Data in this exercise START
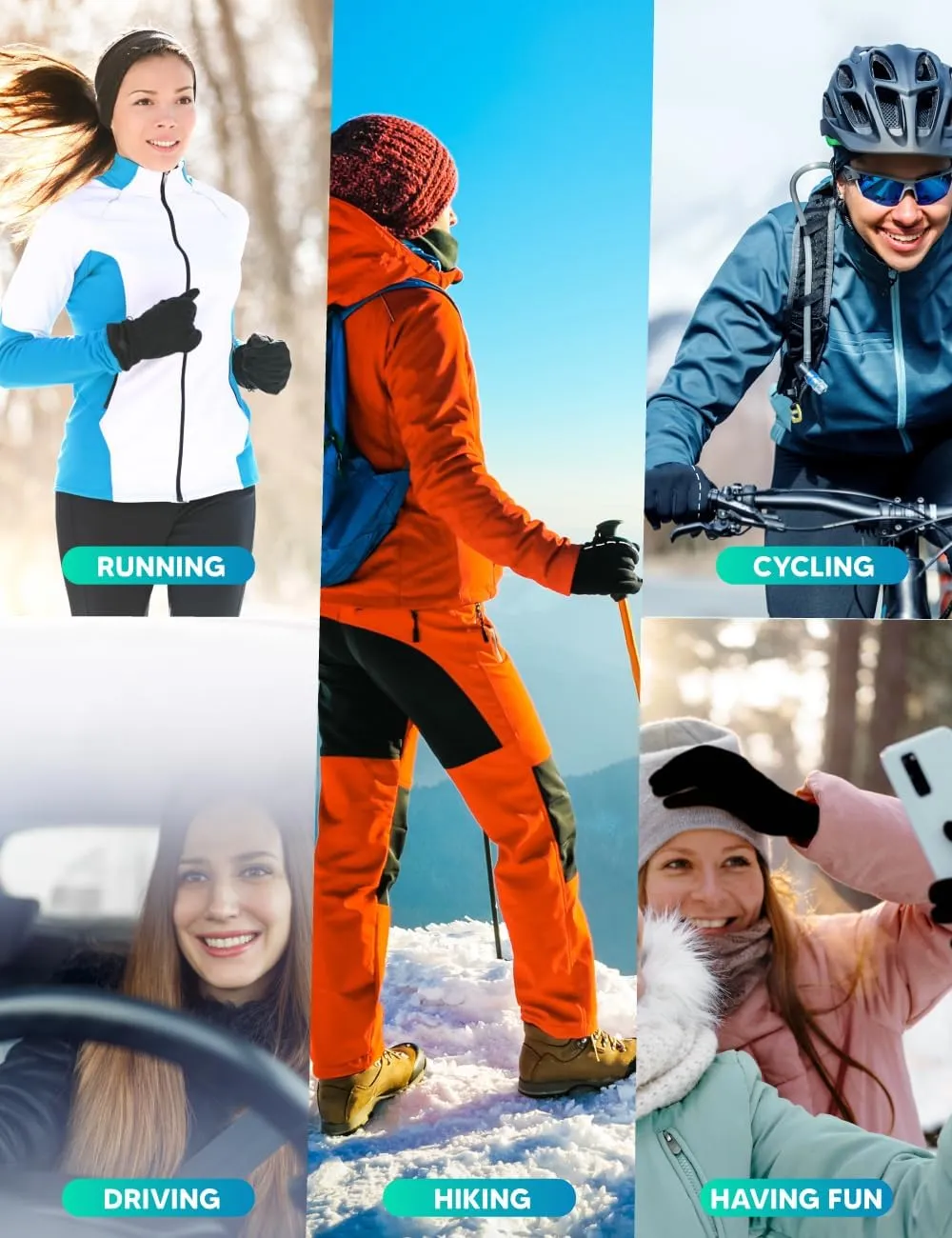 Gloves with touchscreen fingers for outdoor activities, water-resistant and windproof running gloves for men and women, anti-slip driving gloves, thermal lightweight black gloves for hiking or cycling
Data in this exercise END
Data in this exercise START
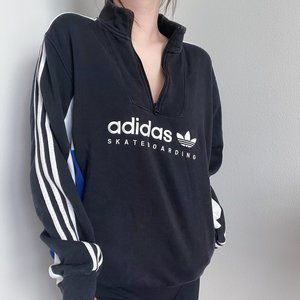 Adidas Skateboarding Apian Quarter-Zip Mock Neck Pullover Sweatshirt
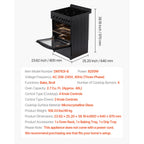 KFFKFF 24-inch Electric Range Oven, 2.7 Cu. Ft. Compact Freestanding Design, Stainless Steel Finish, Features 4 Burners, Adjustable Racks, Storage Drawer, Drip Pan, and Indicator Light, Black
Data in this exercise END
What to do> Print nothing except the lines above from the one containing "Adidas Skateboarding Apian" down to the one containing "KFFKFF 24-inch Electric", both included, exactly as written and free of pictures.

Answer to this problem>
 Adidas Skateboarding Apian Quarter-Zip Mock Neck Pullover Sweatshirt
 KFFKFF 24-inch Electric Range Oven, 2.7 Cu. Ft. Compact Freestanding Design, Stainless Steel Finish, Features 4 Burners, Adjustable Racks, Storage Drawer, Drip Pan, and Indicator Light, Black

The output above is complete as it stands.